__What the exercise asks__
Each line below is to be repeated exactly; any picture is to be left out.

--- Information provided Enclosed Below ---

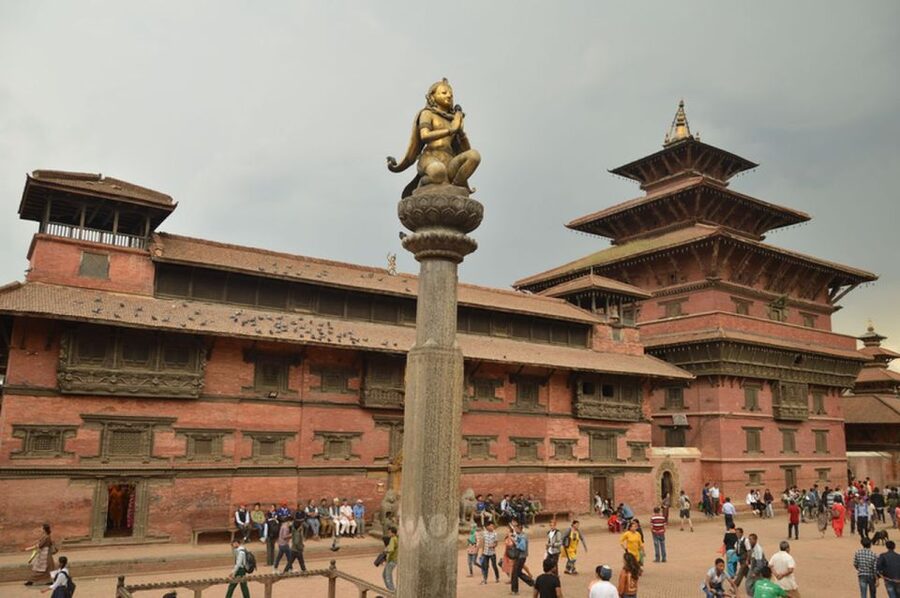 Kathmandu at Sunset: Explore the City on Rickshaw - Spices and daily trade at Asan Market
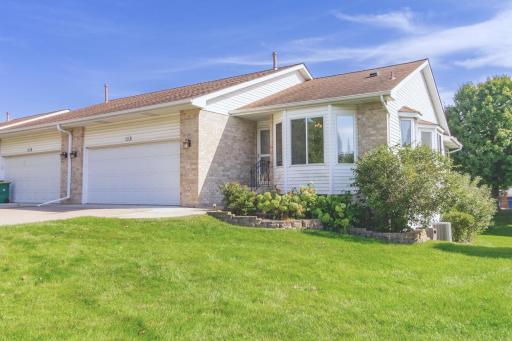 This single level end-unit is calling your name!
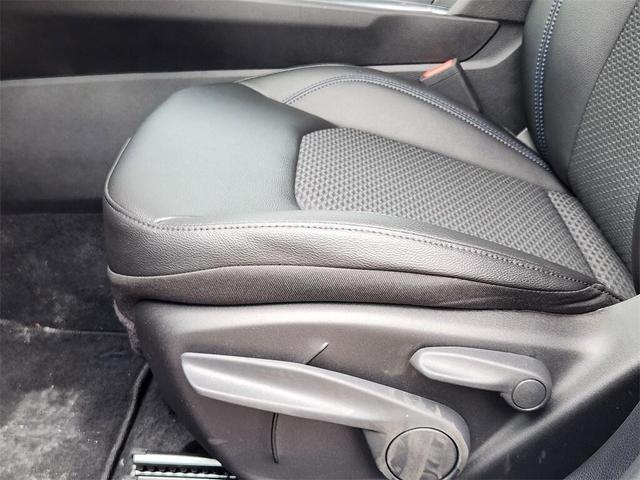Photo of 2025 Hydro Blue Pearlcoat Jeep Compass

--- End of Enclosed Information provided ---

__Solution for this exercise__
 Kathmandu at Sunset: Explore the City on Rickshaw - Spices and daily trade at Asan Market
 This single level end-unit is calling your name!
Photo of 2025 Hydro Blue Pearlcoat Jeep Compass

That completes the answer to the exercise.